I wanted to melt beneath her warm, soft palms and supple fingers, but there was, regrettably, no time to waste on such sweet indulgences.

“You are not safe, Daisy,” I began.

‘Tell me about it,” she interrupted before I could go on. “I’m a cop, remember? And we’ve had this conversation before. There is no safe place, Valerian—maybe not for any of us.”

“My brother will come for you in earnest. The thing you found in your shower was only his calling card.” She lowered her lashes briefly, then looked up at me again. I saw in her eyes the shimmering courage that was woven into the very fiber of her spirit long, long ago, at some celestial loom. “Where shall I hide, Valerian? Name the place that you, or creatures like you, cannot enter.”

I could not answer her challenge, for besides heaven itself, there was nothing that could keep me out, no place I could not go if I so wished. The same, of course, applied to Krispin.

I was forlorn in those moments, filled with hopeless despair, but then a stray thought caught in my mind. “This mannequin he left for you—where is it?”

She drew back a little way. “O’Halloran—my partner— took it in for evidence. He thinks we’re dealing with an ordinary human being, you see, so he wanted the thing dusted for fingerprints, after Forensics looked it over, of course.”

I would get the dummy if I had to—I needed to lay my hands to something Krispin had touched—but I preferred to avoid dealings with the police for as long as possible. Now that Janet had been killed, they were almost certain to lay the crimes at my door, and it would be awkward to vanish from their midst when they attempted to detain me.

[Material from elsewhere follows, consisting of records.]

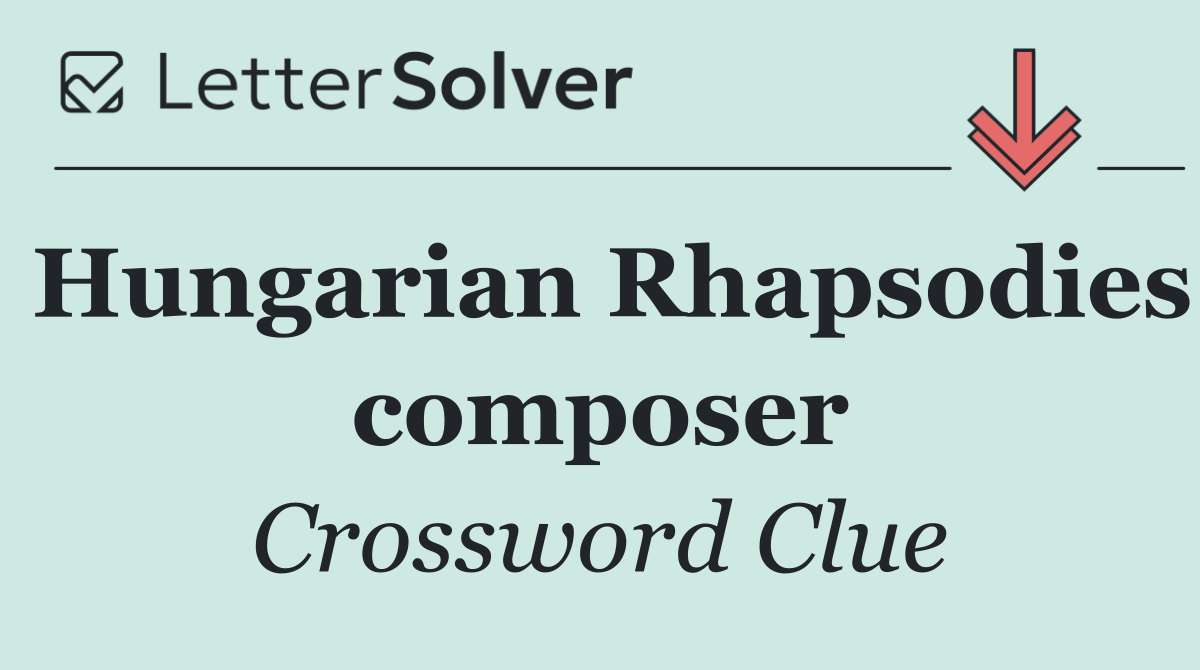Hungarian Rhapsodies composer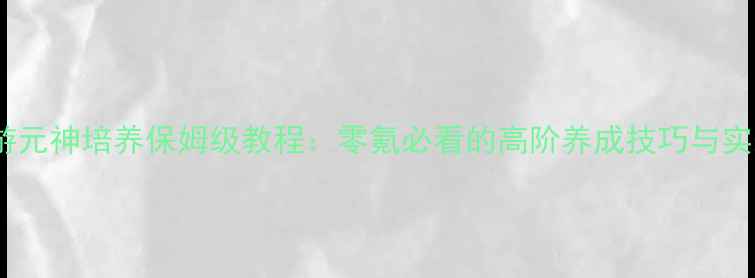 图片 轩辕传奇手游元神培养保姆级教程：零氪必看的高阶养成技巧与实战搭配攻略1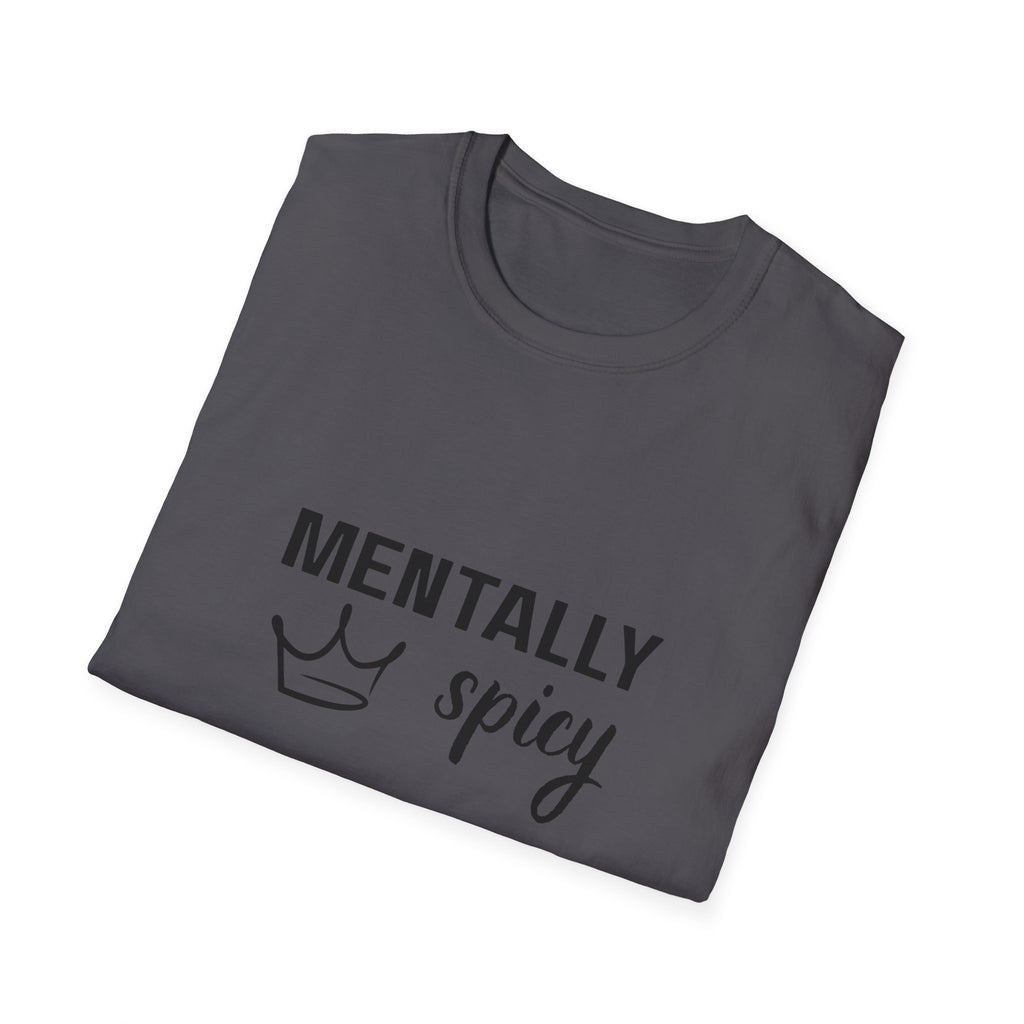 Mentally Spicy T-Shirt — Funny Crown Graphic Tee for Sassy Women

‘The tie to your robe,” I said. “The one that was used as a noose. Did your partner take that, too?”

She frowned and shook her head. “No. I was afraid I wouldn’t get it back.”

I might have laughed, had the circumstances been different, for I admit to a certain macabre amusement at her reluctance to separate a bathrobe from its matching belt. And never mind that the thing had been used like a hangman’s rope.

“Where is it?” I demanded, but I did not wait for her reply. No, I was already homing in on her bedroom, and the closet within it, and the brass hook on its inside wall.

I snatched the robe from its peg and pulled the terrycloth belt through the loops, holding it in my two hands as I might have held a tame snake. Instantly I had a strong impression of Krispin, and I knew, with both elation and despair, that my theories were correct.

I felt his hatred for me in that bit of cloth, I felt his jealousy, his madness, his fury.

I was more afraid for Daisy than ever before, previous lifetimes included. My brother would not hesitate to kill her—indeed, he
relished
the prospect. He was saving that act for last, the way a child hoards a favorite sweet.

“Why?” I whispered, in case he had linked his mind to mine and could discern my words. “Why?”

Krispin did not choose to answer.

Not then, at least.

I was compelled to hunt, for I had not fed the night before, due to my visit to Dunnett’s Head. But I could not bear to leave Daisy alone in that apartment, like bait in a trap, tempting Krispin to punish me with her death.